Despite a strong year-end performance by the stock market and a post-election jump in confidence among consumers and businesses, Fannie Mae is projecting modest 2% growth for 2017.
Improved consumer spending in the third quarter drove a slight upward revision from Fannie Mae’s December forecast of 1.8%, and a strengthening labor market and rising household wealth should help consumers, according to the Fannie Mae Economic & Strategic Research Group’s January 2017 Economic and Housing Outlook.

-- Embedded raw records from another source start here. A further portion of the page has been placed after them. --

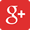 Página Oficial de Google Plus de Ágora Asesores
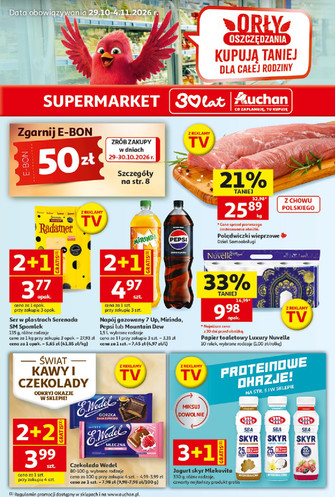 Auchan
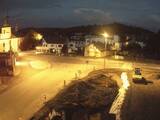 20 : 24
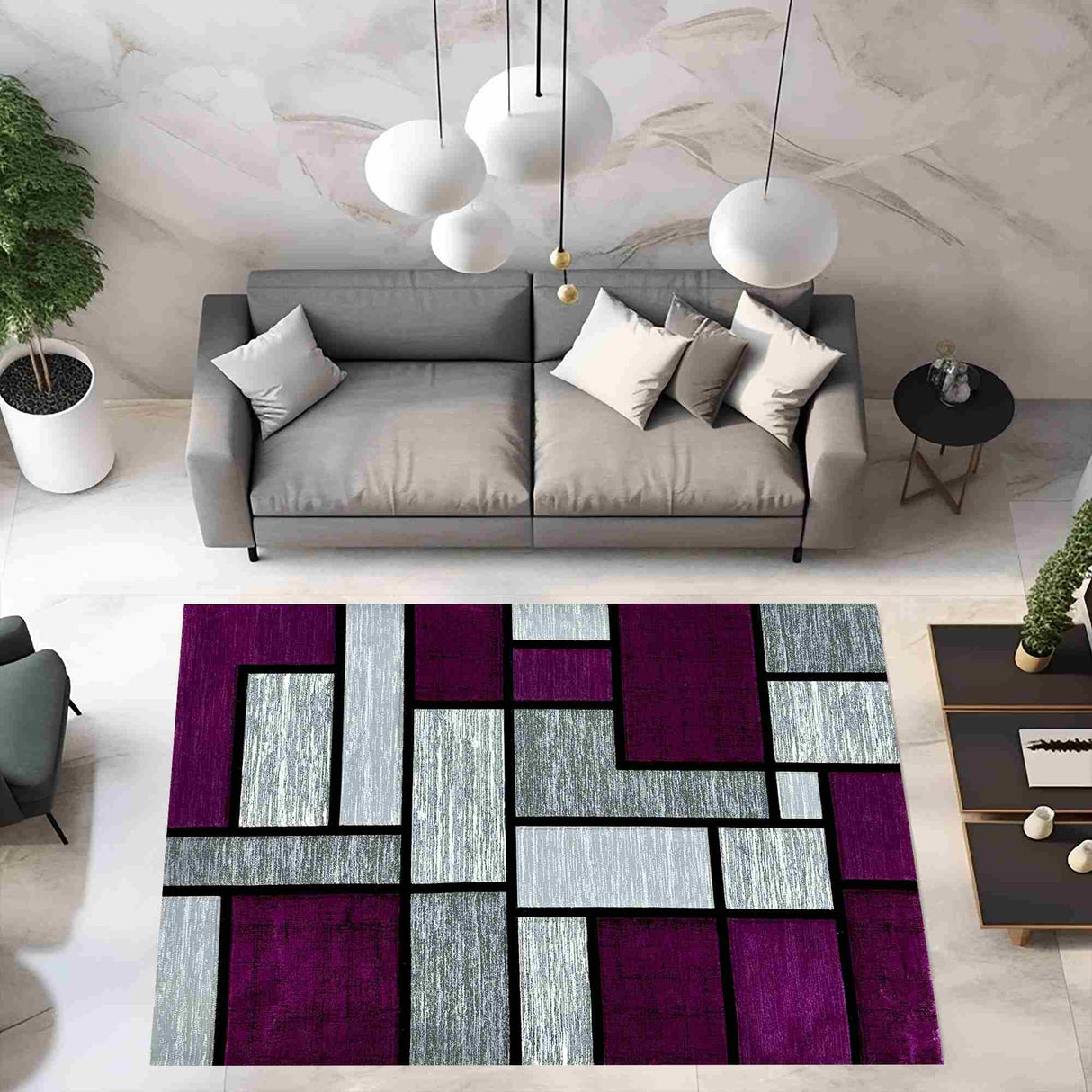 PREMIUM Design 3995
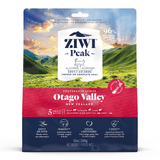 Ziwi Peak Provenance Otago Valley Air-Dried Cat Food - PawzUp Pet Supplies | Free Shipping | Lowest Price | Best Cat Food | Sydney Based Online Petshop |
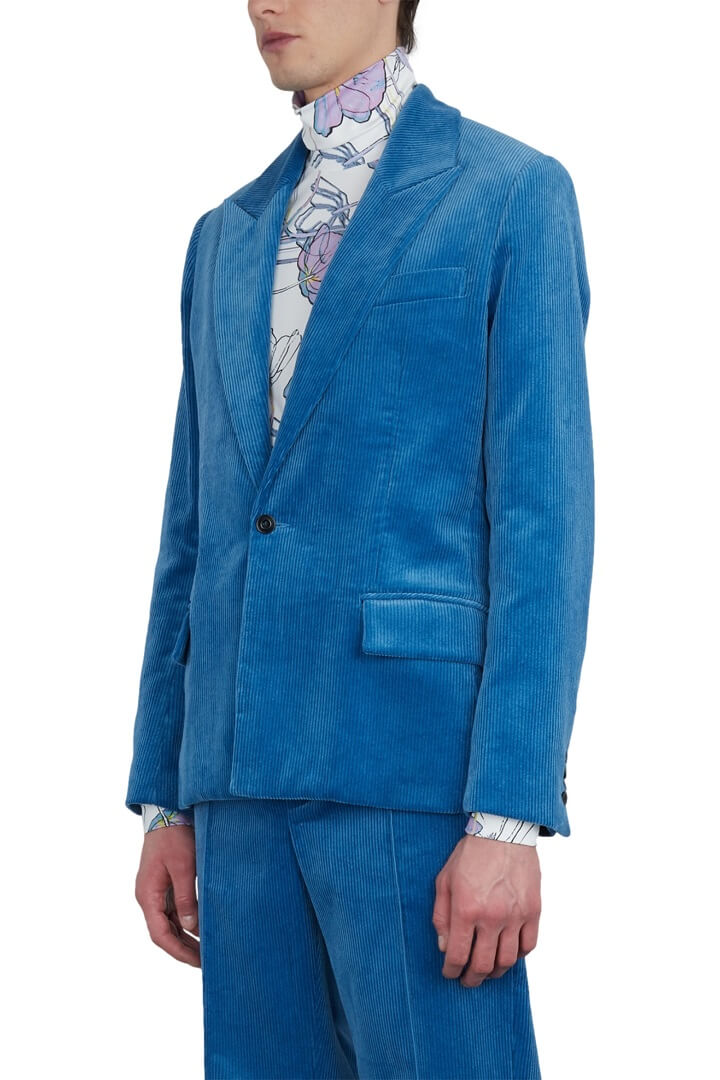 Charger l'image dans la galerie, LA VESTE TAILLEUR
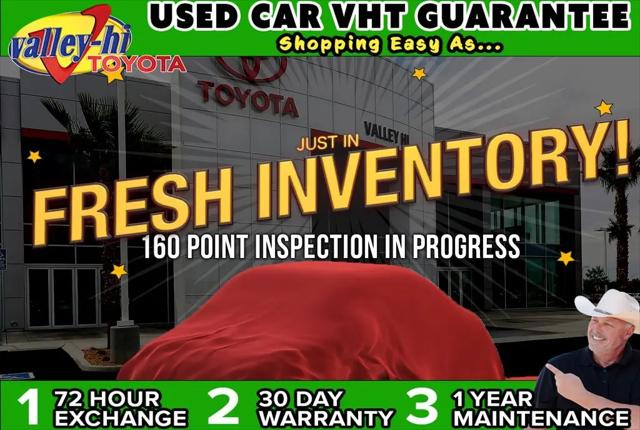 2023 Jeep Grand Cherokee Limited 4x4 for sale in Victorville, CA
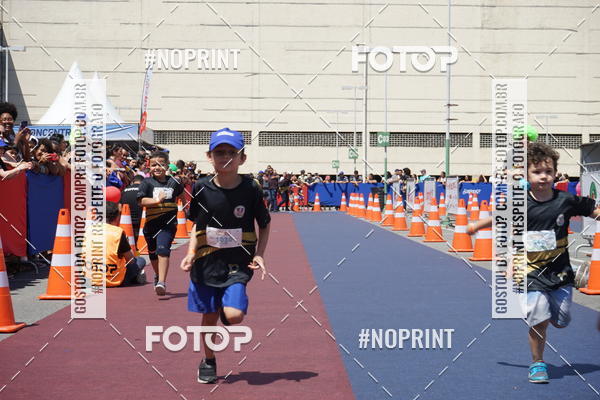 Buy your photos of the eventVoltinha da Unio on Fotop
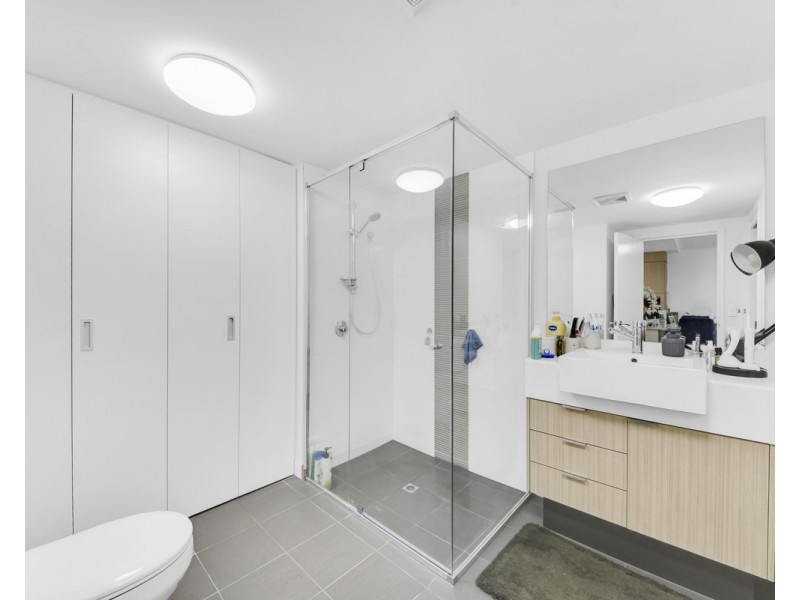 2408/25 Charlotte Street, Chermside QLD 4032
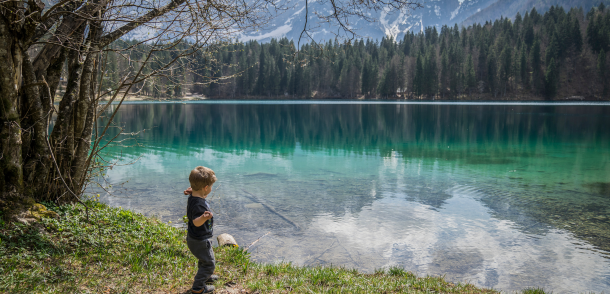 טיסות זולות מחוץ לעונה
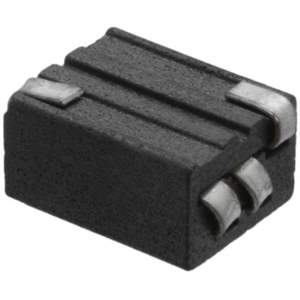 SMB2.5R-1 Real Image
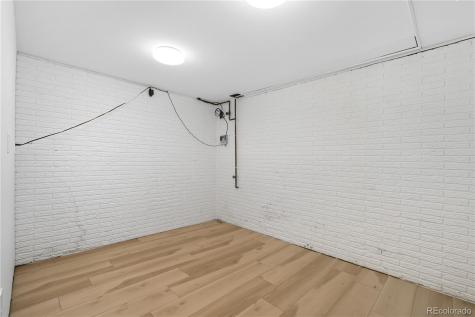 11623 E Virginia Drive Aurora CO 80012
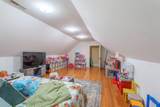 331 Co Rd 586 - Photo 40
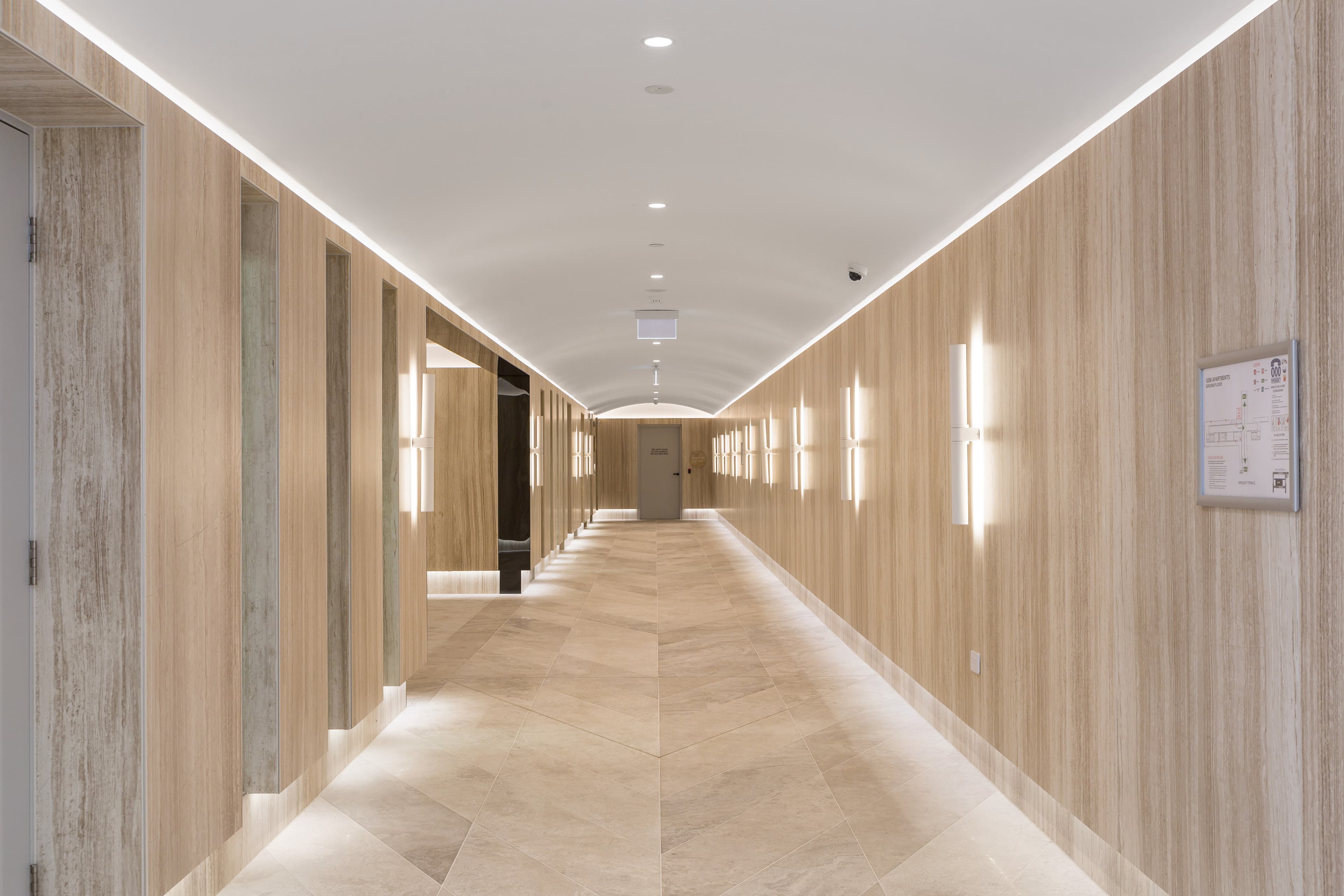 807/25 Windsor Terrace, Williamstown - Thumbnail 3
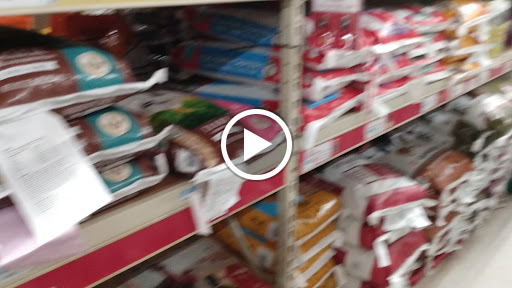 Home Improvement Store «Tractor Supply Co.», reviews and photos, 100 W Ardice Ave #1, Eustis, FL 32726, USA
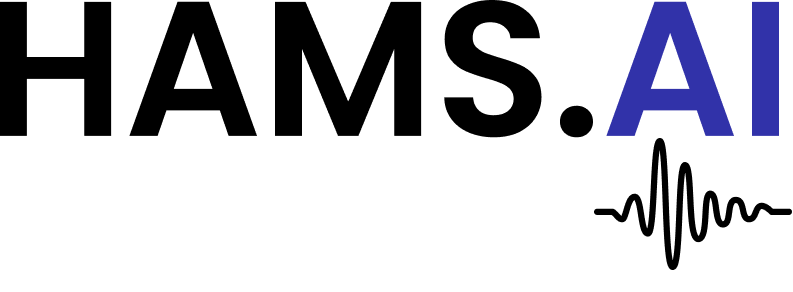 Logo retraced
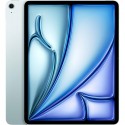 تابلت ايباد اير m4  سعة 128 جيجابايت واى فاى 13 بوصة with international warranty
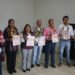 IPPI inicia curso de náhuatl en Atoluca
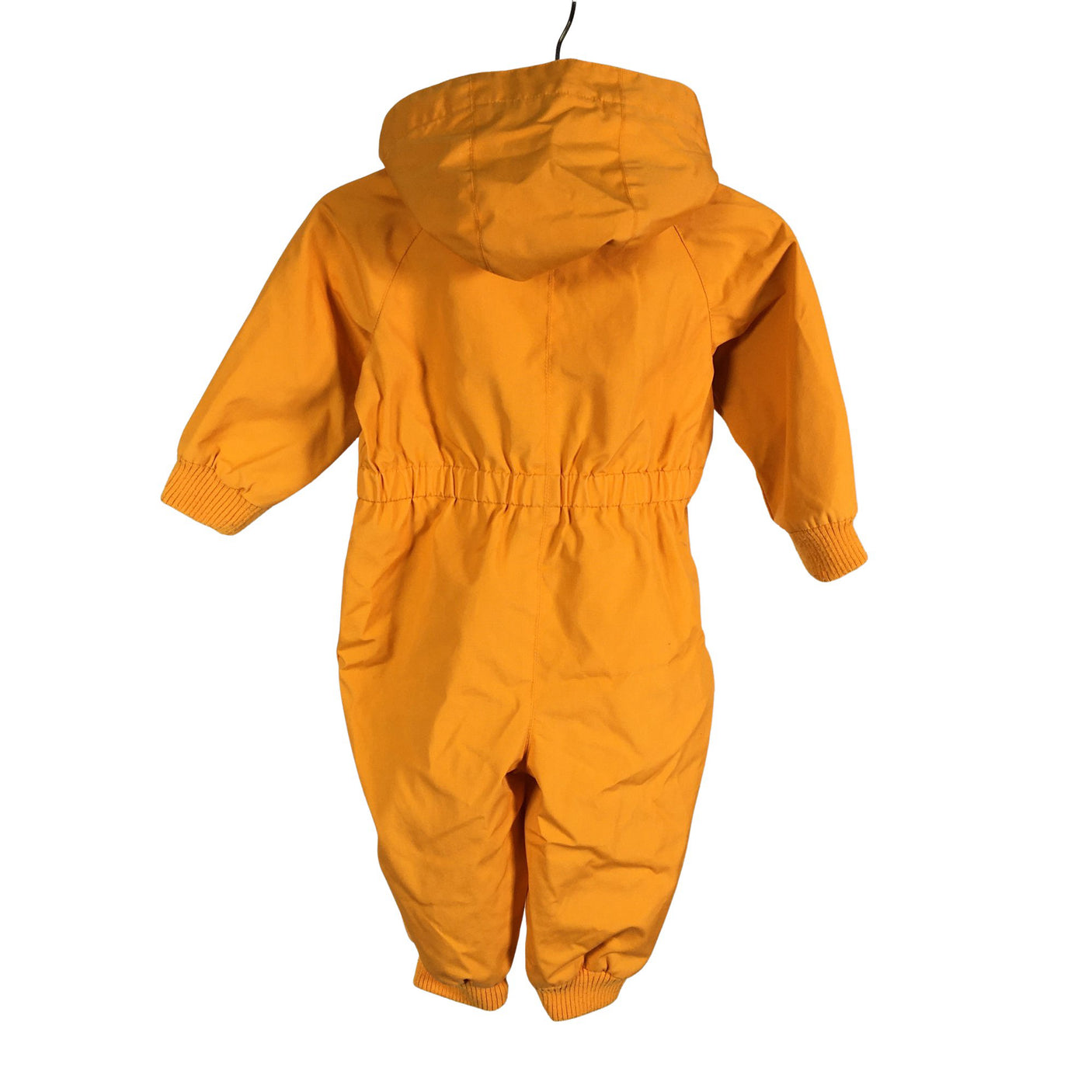 Välikausihaalari, koko 68 - 74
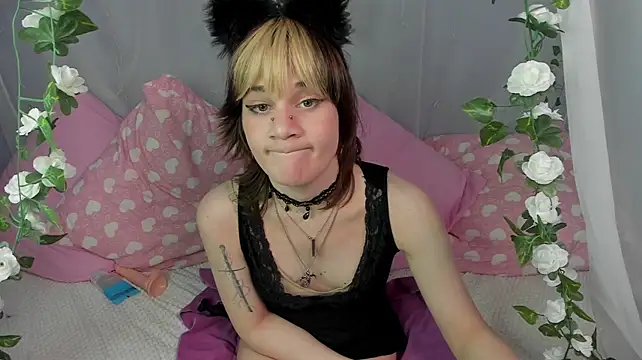 Sowlmate_Sterlingn Webbikameraesitys
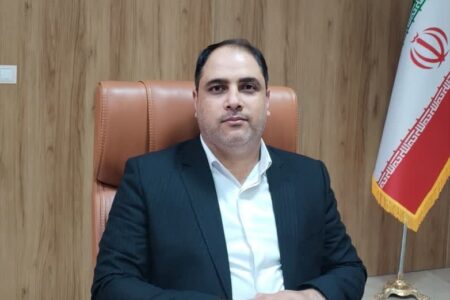 ابزار و ماشین‌الات کنونی جوابگوی تولید یک میلیون تن کاتد مس نیست | اخبار کرمان و شهرستان ها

The report noted that the policies of the incoming Trump administration on taxes, spending and trade could have an impact on growth.
“Policy changes under the new administration — in its nature, sequencing, and magnitude — will determine the direction of economic growth in 2017,” Fannie Mae Chief Economist Doug Duncan said in a news release about the report. “Incoming data suggest improving consumer spending, diminished labor market slack and advancements in wages, but until we can more clearly read the political tea leaves, it’s difficult to say whether this late-cycle expansion will continue into its eighth year…If stimulus policy is enacted, it would likely add to growth but could also be offset by potential tightened trade policy given the already historically strong dollar.”
Business fixed investment is expected to pick up as the drag from declining oil prices faded and should add to growth in 2017, according to the release. Government spending and inventory investment also are expected to add to economic growth this year, while the dollar likely will continue to weigh heavily on net exports, the report found.
Mortgage rates are projected to rise gradually in the coming year, ultimately reaching a fourth quarter average of 4.3%, according to the release. A possibility exists rates could rise even faster and higher than predicted, but the impact on housing could be offset by improved income growth, the release stated.
“We expect housing to remain resilient and continue its recovery in 2017, with affordability standing out as the industry’s greatest obstacle, particularly for first-time homeowners,” Duncan added in the release. “Demographic factors, however, are positive. Our research shows that older millennials have begun to buy homes and close the homeownership attainment gap with their predecessors.”